• [Work required]:
The answer must be only the lines below from the one holding "April Cornell Striped" down to the one holding "Compleu Dama Lizica", ends included, printed exactly; please omit all pictures.

• [Material to process]:
..........
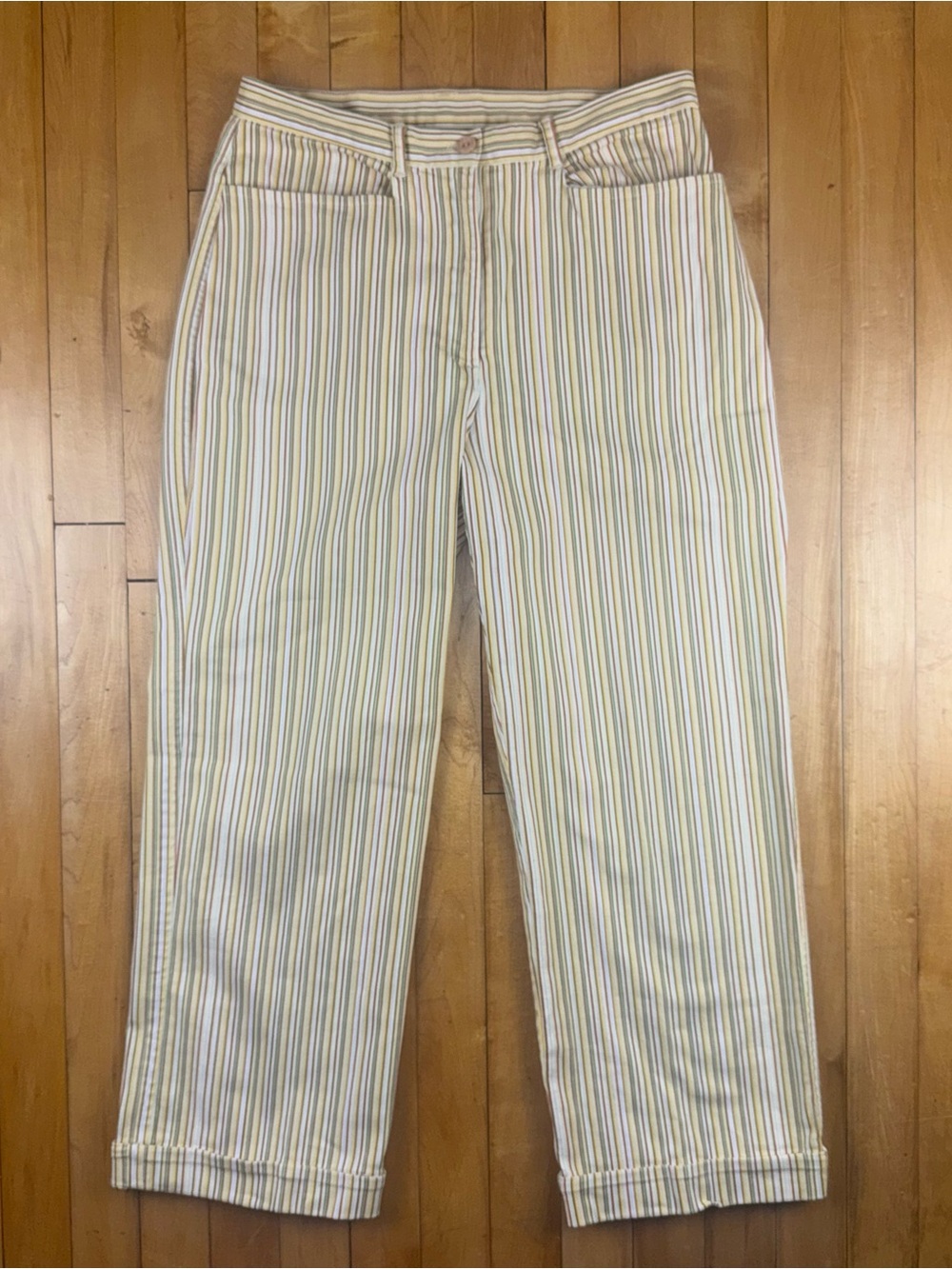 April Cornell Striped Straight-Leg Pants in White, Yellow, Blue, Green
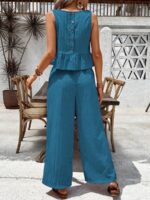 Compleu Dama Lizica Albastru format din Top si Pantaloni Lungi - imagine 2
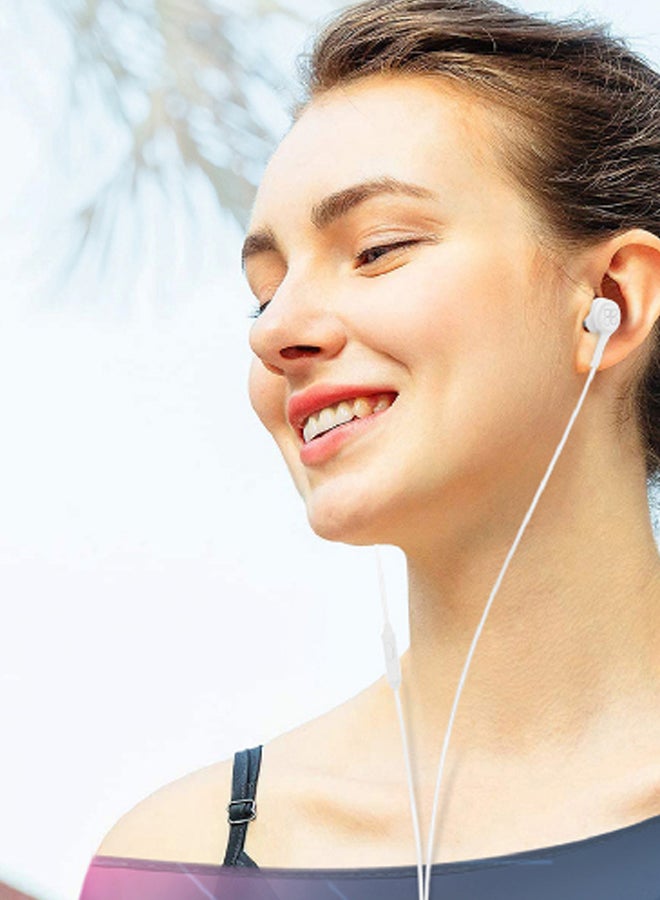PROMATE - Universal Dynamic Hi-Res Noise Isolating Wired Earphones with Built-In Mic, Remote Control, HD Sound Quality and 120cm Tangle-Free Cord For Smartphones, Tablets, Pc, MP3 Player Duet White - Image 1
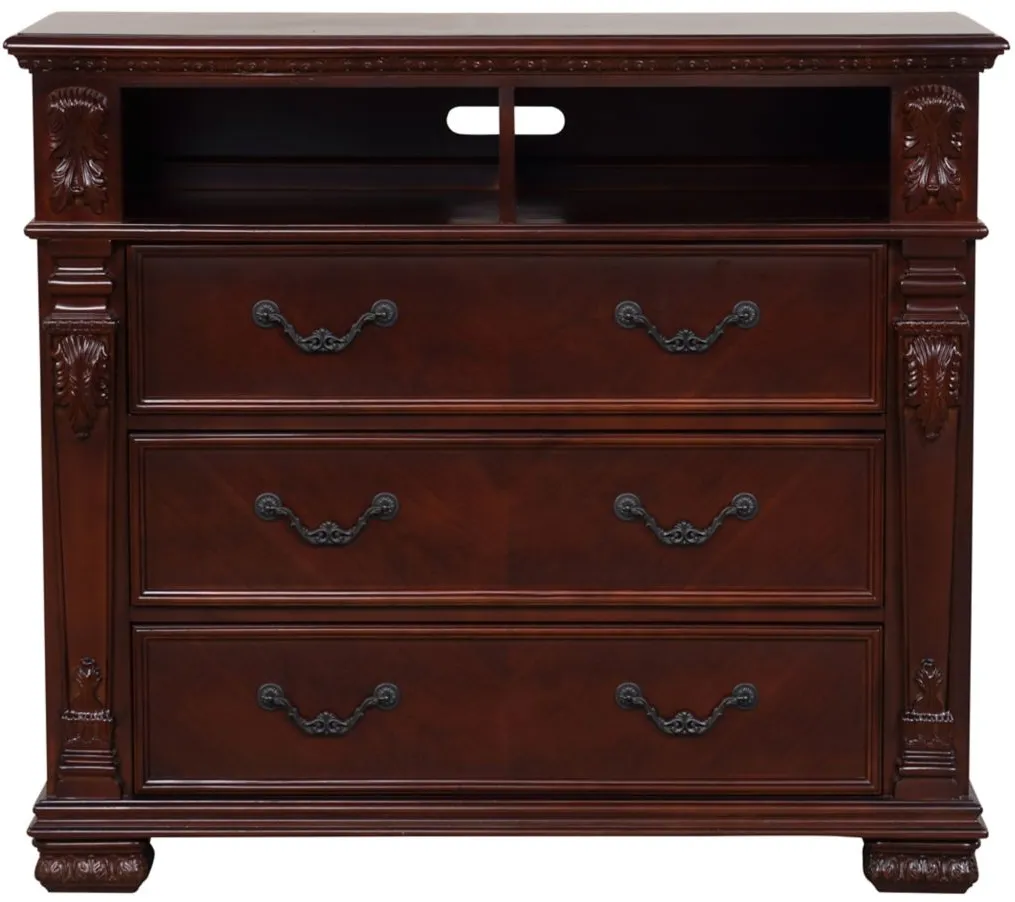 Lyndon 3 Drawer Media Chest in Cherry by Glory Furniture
..........
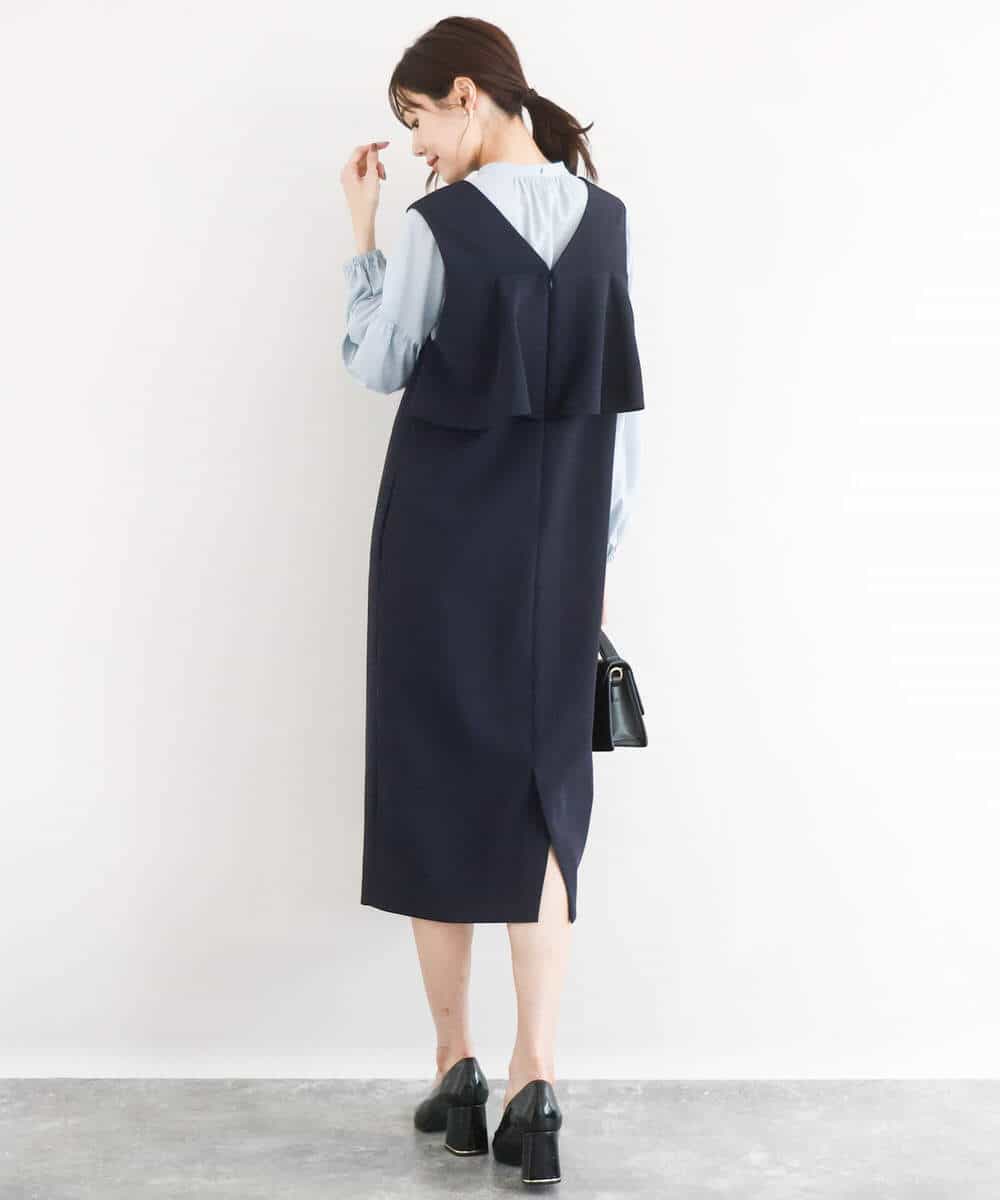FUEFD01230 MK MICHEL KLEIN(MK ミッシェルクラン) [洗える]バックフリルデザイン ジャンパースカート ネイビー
..........
• [Answer space]:
 April Cornell Striped Straight-Leg Pants in White, Yellow, Blue, Green
 Compleu Dama Lizica Albastru format din Top si Pantaloni Lungi - imagine 2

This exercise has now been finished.